## What is expected
Quote exactly the lines from the one with "中国男篮对阵澳大利亚男篮备战升级 期待小组赛关键较量" to the end of the data, both included; omit the pictures.

## The data
-----

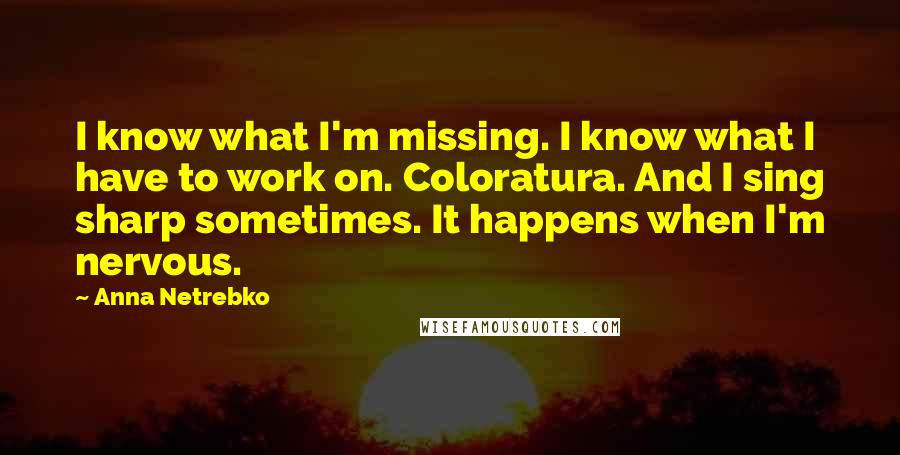 Anna Netrebko Quotes: I know what I'm missing. I know what I have to work on. Coloratura. And I sing sharp sometimes. It happens when I'm nervous.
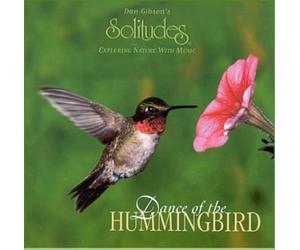 Dan Gibson Solitudes - Dance of the Hummingbird By Dan Gibson Solitudes (2002-04-23)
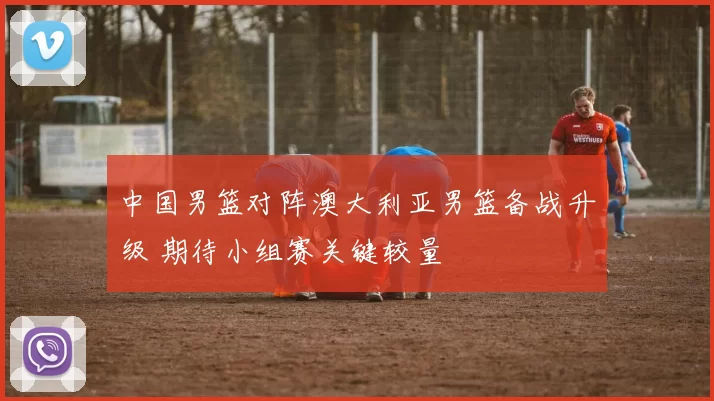 中国男篮对阵澳大利亚男篮备战升级 期待小组赛关键较量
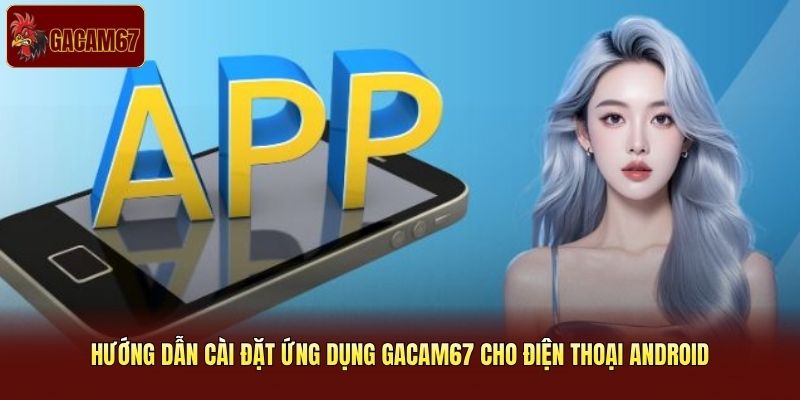 Hướng dẫn cài đặt ứng dụng Gacam67 cho điện thoại Android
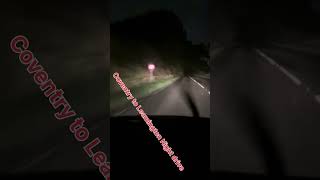 Coventry to Leamington night drive [upl. by Iblehs411]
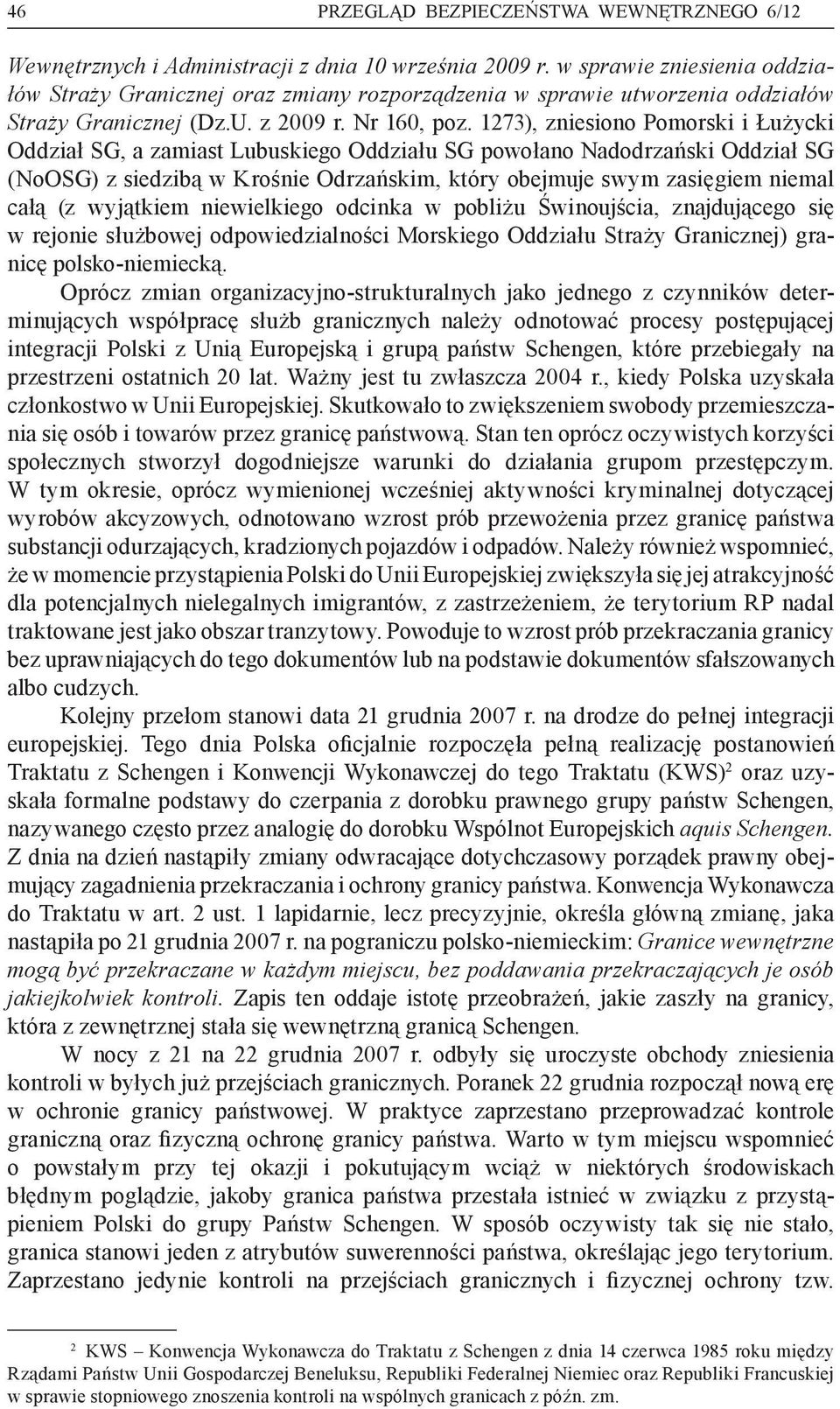 1273), zniesiono Pomorski i Łużycki Oddział SG, a zamiast Lubuskiego Oddziału SG powołano Nadodrzański Oddział SG (NoOSG) z siedzibą w Krośnie Odrzańskim, który obejmuje swym zasięgiem niemal całą (z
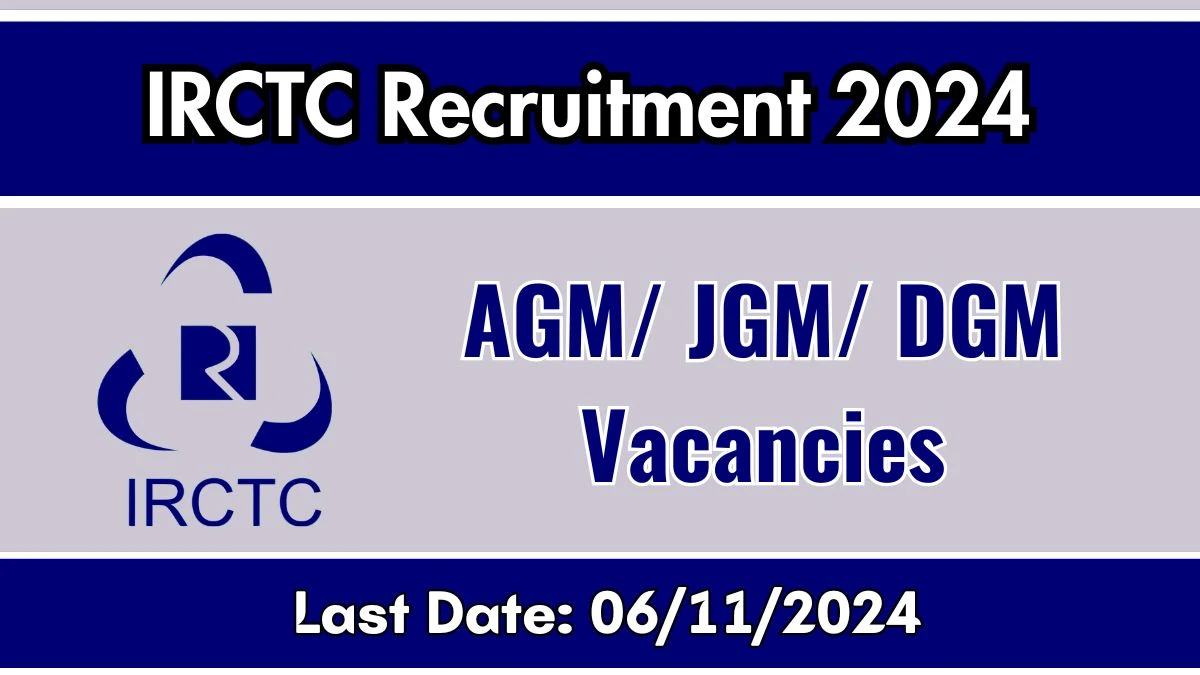 IRCTC Recruitment 2024 Notification Out AGM/ JGM/ DGM, Check Eligibility at irctc.com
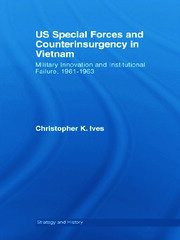 US Special Forces and Counterinsurgency in Vietnam: Military Innovation and Institutional Failure, 1961-63 book cover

-----

## Reply to the exercise
 中国男篮对阵澳大利亚男篮备战升级 期待小组赛关键较量
 Hướng dẫn cài đặt ứng dụng Gacam67 cho điện thoại Android
 Coventry to Leamington night drive [upl. by Iblehs411]
 1273), zniesiono Pomorski i Łużycki Oddział SG, a zamiast Lubuskiego Oddziału SG powołano Nadodrzański Oddział SG (NoOSG) z siedzibą w Krośnie Odrzańskim, który obejmuje swym zasięgiem niemal całą (z
 IRCTC Recruitment 2024 Notification Out AGM/ JGM/ DGM, Check Eligibility at irctc.com
 US Special Forces and Counterinsurgency in Vietnam: Military Innovation and Institutional Failure, 1961-63 book cover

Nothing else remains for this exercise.